Work order = Repeat every record below exactly, leaving out the pictures.

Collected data
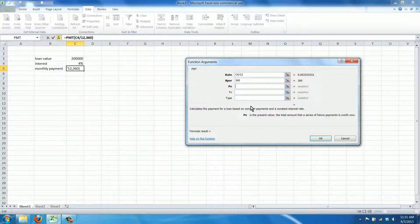The present value, that's the total amount that a series of future payments is worth now, meaning the loan amount.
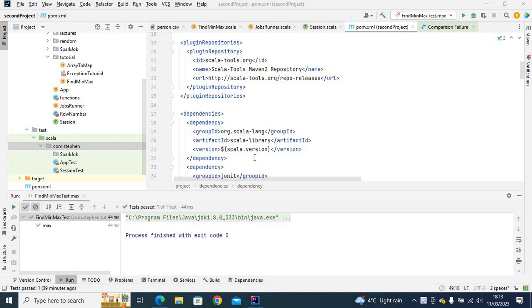Hey there, how is it going? So in this video, I'm going to show you how you can unit test your Scala application using JUnit and ScalaTest.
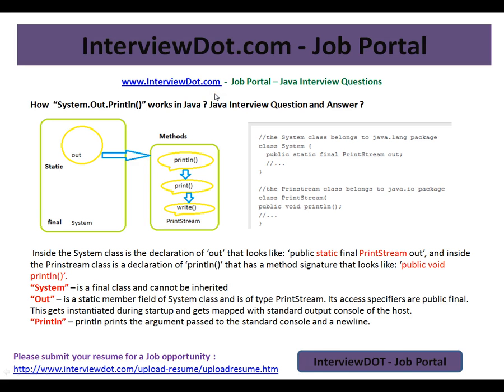Hi, welcome to intv.com. intv.com is a job portal — if you're looking for a job, you can log on to intv.com and post your resume with us. In this video, I'm going to explain a very simple Java question: basic Java — how system.out.println works in Java.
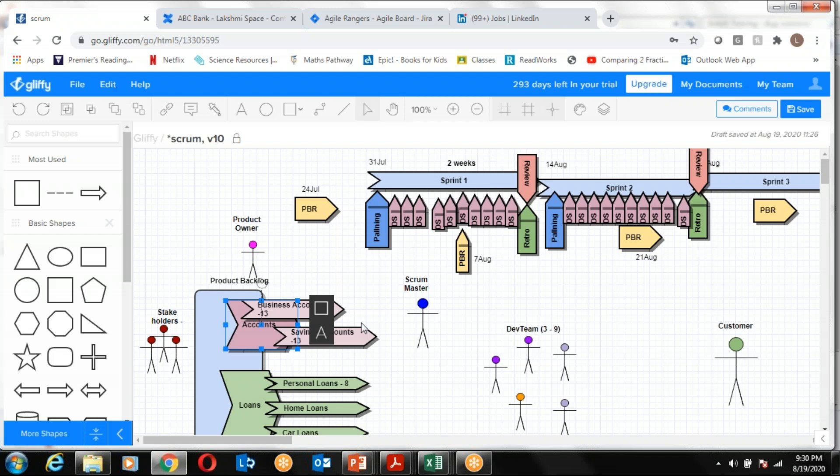Once we understand how to effectively write the requirements, then we will understand what are the different best practices in the market for estimating those requirements. We have user stories, story pointing, planning poker technique, affinity estimation, t-shirt sizing, and so on.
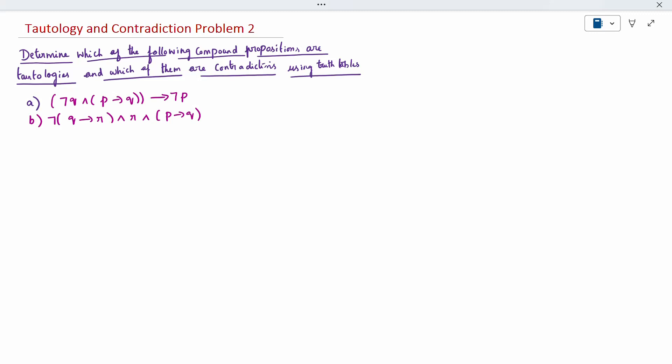Today's topic is tautology and contradiction. We have already seen what tautology and contradiction are; now one more problem. Tautology means in the truth table when you get the whole column to be true, it is a tautology. Contradiction means when you get the whole table to be false.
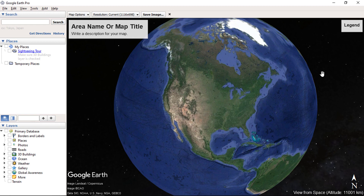The legend will display all the layers added in the view. Let's add some layers.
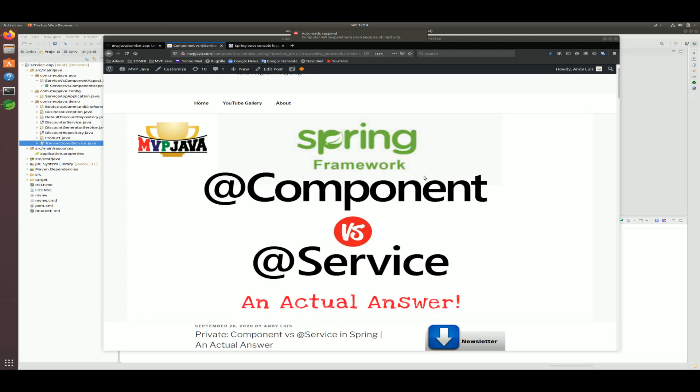Welcome to the video on what is the difference between @Component and @Service in the Spring framework. We're going to take a look at an actual answer beyond the documented answer that @Service just allows you to specify intent. I'm going to give you some use cases to show the differences on when @Service is not only better in terms of describing your intent but also practically better when combining it with AOP.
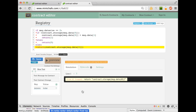One thing this contract storage doesn't really accommodate is permissions — where if you've already set a value and you want to update it, it doesn't currently allow you to do that. So if we have time, maybe we can go ahead and modify this contract a bit.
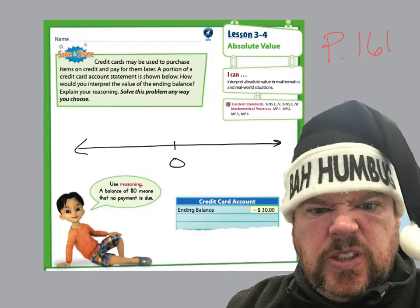Our intro problem says credit cards may be used to purchase items on credit and pay for them later. A portion of a credit card statement is shown below. How would you interpret the value of the ending balance? Explain your reasoning. Solve this problem any way you choose. To solve this problem, I made a number line to represent our money situation.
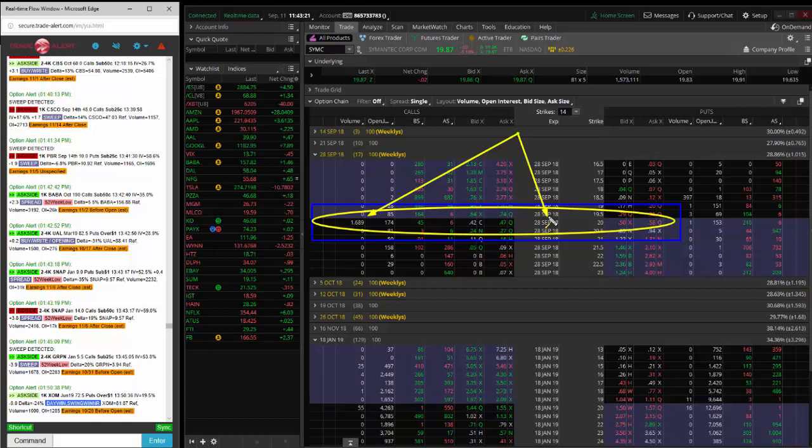And for that right, they paid 45 cents. So the nominal bet, about a $70,000 bet, not the biggest bet in the world. This is the biggest order I've seen though. So keep an eye on SYMC.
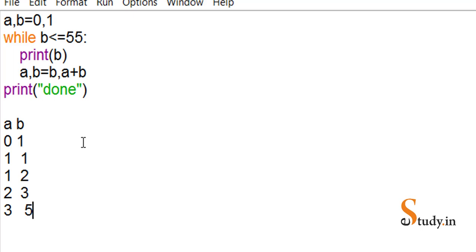So this is how the Fibonacci series is printed in Python using a while loop. I hope you liked the video. Please click the like button, don't forget to subscribe to the channel, and thanks for watching.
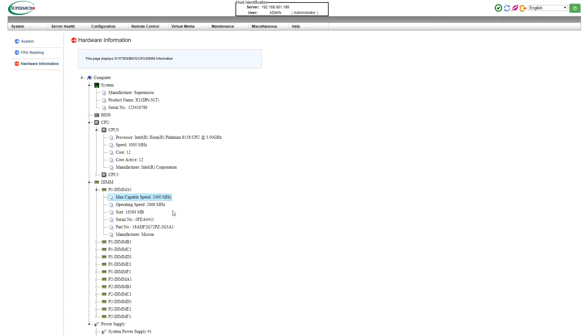As you can see, we're running our Micron DDR4 2400 ECC RDIMMs at 2666 MHz. We are going to show you how to do this and then give a few tips and tricks if you want to give it a try yourself.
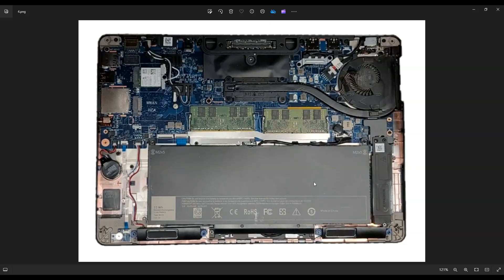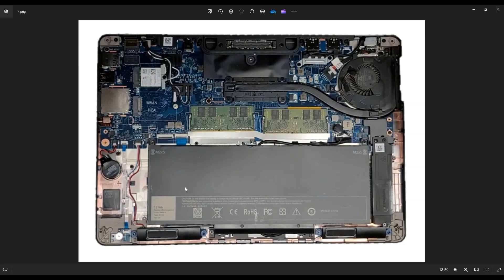So the first thing that I'm going to suggest you do is unplug your battery right here. There's a black pull tab. You can pull that clip right up and your battery will unplug from the motherboard. That's usually sufficient for doing anything. If you want to remove the whole battery, you can undo this screw right here and that battery will come out.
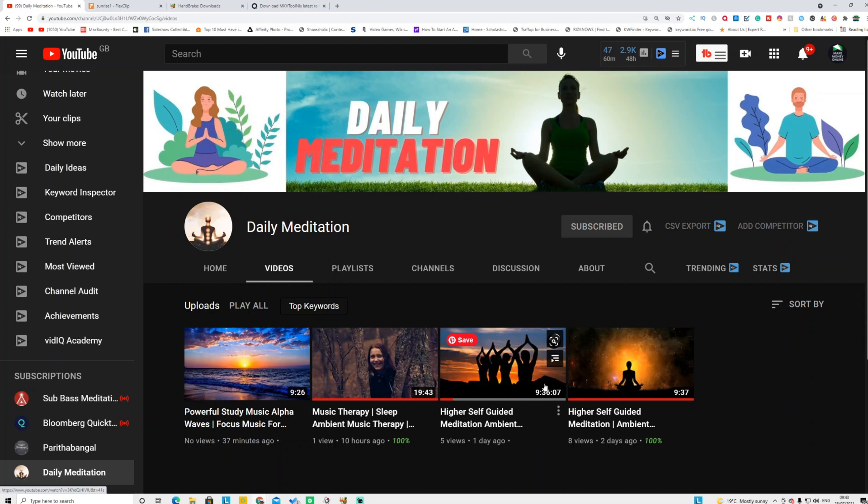Before that, if you like videos on make money online or tutorials, all you have to do is subscribe, like this video, and press the bell icon so you get notified when I release new videos.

Solution =
The present value, that's the total amount that a series of future payments is worth now, meaning the loan amount.
Hey there, how is it going? So in this video, I'm going to show you how you can unit test your Scala application using JUnit and ScalaTest.
Hi, welcome to intv.com. intv.com is a job portal — if you're looking for a job, you can log on to intv.com and post your resume with us. In this video, I'm going to explain a very simple Java question: basic Java — how system.out.println works in Java.
Once we understand how to effectively write the requirements, then we will understand what are the different best practices in the market for estimating those requirements. We have user stories, story pointing, planning poker technique, affinity estimation, t-shirt sizing, and so on.
Today's topic is tautology and contradiction. We have already seen what tautology and contradiction are; now one more problem. Tautology means in the truth table when you get the whole column to be true, it is a tautology. Contradiction means when you get the whole table to be false.
The legend will display all the layers added in the view. Let's add some layers.
Welcome to the video on what is the difference between @Component and @Service in the Spring framework. We're going to take a look at an actual answer beyond the documented answer that @Service just allows you to specify intent. I'm going to give you some use cases to show the differences on when @Service is not only better in terms of describing your intent but also practically better when combining it with AOP.
One thing this contract storage doesn't really accommodate is permissions — where if you've already set a value and you want to update it, it doesn't currently allow you to do that. So if we have time, maybe we can go ahead and modify this contract a bit.
Our intro problem says credit cards may be used to purchase items on credit and pay for them later. A portion of a credit card statement is shown below. How would you interpret the value of the ending balance? Explain your reasoning. Solve this problem any way you choose. To solve this problem, I made a number line to represent our money situation.
And for that right, they paid 45 cents. So the nominal bet, about a $70,000 bet, not the biggest bet in the world. This is the biggest order I've seen though. So keep an eye on SYMC.
So this is how the Fibonacci series is printed in Python using a while loop. I hope you liked the video. Please click the like button, don't forget to subscribe to the channel, and thanks for watching.
As you can see, we're running our Micron DDR4 2400 ECC RDIMMs at 2666 MHz. We are going to show you how to do this and then give a few tips and tricks if you want to give it a try yourself.
So the first thing that I'm going to suggest you do is unplug your battery right here. There's a black pull tab. You can pull that clip right up and your battery will unplug from the motherboard. That's usually sufficient for doing anything. If you want to remove the whole battery, you can undo this screw right here and that battery will come out.
Before that, if you like videos on make money online or tutorials, all you have to do is subscribe, like this video, and press the bell icon so you get notified when I release new videos.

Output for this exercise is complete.